Abandonando la caverna
Para
zafarse de morir devorado por una y otra, la Humanidad tiene que reinventarse.
Sólo así logrará afrontar convenientemente el gran reto al que se enfrenta: el
agotamiento de los recursos naturales y la destrucción del planeta, “la nave
común”, en palabras de Maalouf.
Esa
reinvención, que procuraría lo que para el autor libanés es el inicio de la
Historia, no su final como pretendía Fukuyama, exige encontrar nuevos valores
que, basados en los principios que originaron el nacimiento del pensamiento
liberal en Occidente y no en los que resultaron de su puesta en práctica más perversa,
sean permeables a las diferentes culturas y garanticen una mundialización que
asegure el pluralismo.
Para
Maalouf es urgente que la evolución moral alcance la misma velocidad conseguida
por la evolución material y tecnológica, y si los viejos valores no sirven
habrá que inventar otros.
Me
apresuro a especificar (…) que si bien (…) la solución no está en un “regreso”

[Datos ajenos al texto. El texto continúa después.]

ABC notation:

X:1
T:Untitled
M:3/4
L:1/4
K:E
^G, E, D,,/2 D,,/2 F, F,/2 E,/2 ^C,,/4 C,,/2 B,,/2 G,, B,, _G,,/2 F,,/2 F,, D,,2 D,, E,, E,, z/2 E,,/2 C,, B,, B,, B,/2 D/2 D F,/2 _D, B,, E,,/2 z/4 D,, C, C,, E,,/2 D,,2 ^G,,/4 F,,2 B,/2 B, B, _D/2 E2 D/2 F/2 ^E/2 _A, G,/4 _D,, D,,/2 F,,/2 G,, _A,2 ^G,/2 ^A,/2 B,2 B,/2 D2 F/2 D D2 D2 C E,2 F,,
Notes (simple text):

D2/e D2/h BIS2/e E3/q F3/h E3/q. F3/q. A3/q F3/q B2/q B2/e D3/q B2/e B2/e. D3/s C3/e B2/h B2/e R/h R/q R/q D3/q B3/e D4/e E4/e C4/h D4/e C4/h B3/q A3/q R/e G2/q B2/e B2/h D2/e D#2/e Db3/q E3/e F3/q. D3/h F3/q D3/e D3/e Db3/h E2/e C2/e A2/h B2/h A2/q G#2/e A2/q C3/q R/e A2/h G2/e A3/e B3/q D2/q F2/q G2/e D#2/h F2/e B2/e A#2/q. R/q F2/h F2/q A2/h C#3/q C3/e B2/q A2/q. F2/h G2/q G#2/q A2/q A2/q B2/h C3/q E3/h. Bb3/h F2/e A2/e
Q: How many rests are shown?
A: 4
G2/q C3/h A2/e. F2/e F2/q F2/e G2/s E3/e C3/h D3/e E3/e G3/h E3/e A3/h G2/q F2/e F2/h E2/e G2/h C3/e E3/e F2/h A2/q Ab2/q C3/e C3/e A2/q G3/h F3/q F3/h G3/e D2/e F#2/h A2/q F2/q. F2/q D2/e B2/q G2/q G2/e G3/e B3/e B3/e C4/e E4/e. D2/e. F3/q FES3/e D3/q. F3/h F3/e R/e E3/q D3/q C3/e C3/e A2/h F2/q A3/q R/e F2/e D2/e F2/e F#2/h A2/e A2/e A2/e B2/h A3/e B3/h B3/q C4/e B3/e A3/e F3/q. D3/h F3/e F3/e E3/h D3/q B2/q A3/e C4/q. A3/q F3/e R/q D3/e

que rinda culto al pasado, ni a las éticas tradicionales ni a las legitimidades
antiguas, tampoco se halla en un relativismo moral…
Esa
nueva escala de valores debe estar presidida, según Maalouf, por la cultura y
no por la religión, a la que a pesar de todo otorga un limitado papel y no
llega a rechazar. Y ello por tres razones. La primera porque la religión mal
entendida amenaza con perder a la Humanidad en la oscuridad del fanatismo; la
segunda porque la cultura es la herramienta intelectual y moral que permite al
ser humano prescindir de la voracidad del consumismo material a favor del
alimento intelectual a lo largo de toda la vida (es la forma de llenar todos
los años de más que el bienestar y la ciencia regalan al ser humano) y la tercera
porque la cultura es la mejor garantía para garantizar la diversidad y el
pluralismo mencionado. Conocer y entender la cultura del otro como forma de
alcanzar la paz.
Ésa
es la fórmula de Maalouf para salir de lo que considera la Prehistoria de la
Humanidad y encaminar el inicio de una Historia en común que supere los
conflictos y el pretendido “Choque de Civilizaciones”. Una fórmula imposible de
entender como ingenua o utópica, según el autor, por tratarse de la única capaz
de asegurar una posibilidad de supervivencia. De hecho, en su argumentación
Maalouf recurre a la ciencia para presentar su propuesta moral como la única
posible. Ante las pruebas que hablan de la debacle medioambiental ¿qué otra
solución cabe que la de la lucha común contra el agotamiento del planeta?
En
una formulación que algunos podrían calificar de positivista, el libanés expone
sus argumentos como pruebas científicas. Lo que no significa que se vaya a
conseguir llevar a la práctica. El propio Maalouf se muestra a ratos
esperanzado a ratos pesimista, aunque siempre tajante: estamos en una situación
de emergencia. Salir de ella es tarea de todos.